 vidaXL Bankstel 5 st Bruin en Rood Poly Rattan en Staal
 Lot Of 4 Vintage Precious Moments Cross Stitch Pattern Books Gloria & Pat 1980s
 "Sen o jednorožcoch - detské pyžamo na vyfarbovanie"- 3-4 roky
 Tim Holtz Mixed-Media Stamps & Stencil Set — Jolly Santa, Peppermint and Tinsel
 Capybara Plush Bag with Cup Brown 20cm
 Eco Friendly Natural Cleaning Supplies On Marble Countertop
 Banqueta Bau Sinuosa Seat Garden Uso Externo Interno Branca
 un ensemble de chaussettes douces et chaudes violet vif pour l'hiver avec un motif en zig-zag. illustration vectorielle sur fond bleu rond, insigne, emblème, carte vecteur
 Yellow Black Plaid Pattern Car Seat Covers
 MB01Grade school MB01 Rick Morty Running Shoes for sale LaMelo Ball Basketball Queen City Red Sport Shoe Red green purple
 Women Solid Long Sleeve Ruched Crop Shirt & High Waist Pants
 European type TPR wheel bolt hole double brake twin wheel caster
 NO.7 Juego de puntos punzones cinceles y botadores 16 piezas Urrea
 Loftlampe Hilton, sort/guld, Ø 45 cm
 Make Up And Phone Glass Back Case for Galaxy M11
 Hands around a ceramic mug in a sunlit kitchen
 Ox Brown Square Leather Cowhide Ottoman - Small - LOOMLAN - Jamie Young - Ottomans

──────────────────────────────

Please copy exactly, and only, the lines from the line containing "European type TPR" through the last line of the records, with both ends included.

 European type TPR wheel bolt hole double brake twin wheel caster
 NO.7 Juego de puntos punzones cinceles y botadores 16 piezas Urrea
 Loftlampe Hilton, sort/guld, Ø 45 cm
 Make Up And Phone Glass Back Case for Galaxy M11
 Hands around a ceramic mug in a sunlit kitchen
 Ox Brown Square Leather Cowhide Ottoman - Small - LOOMLAN - Jamie Young - Ottomans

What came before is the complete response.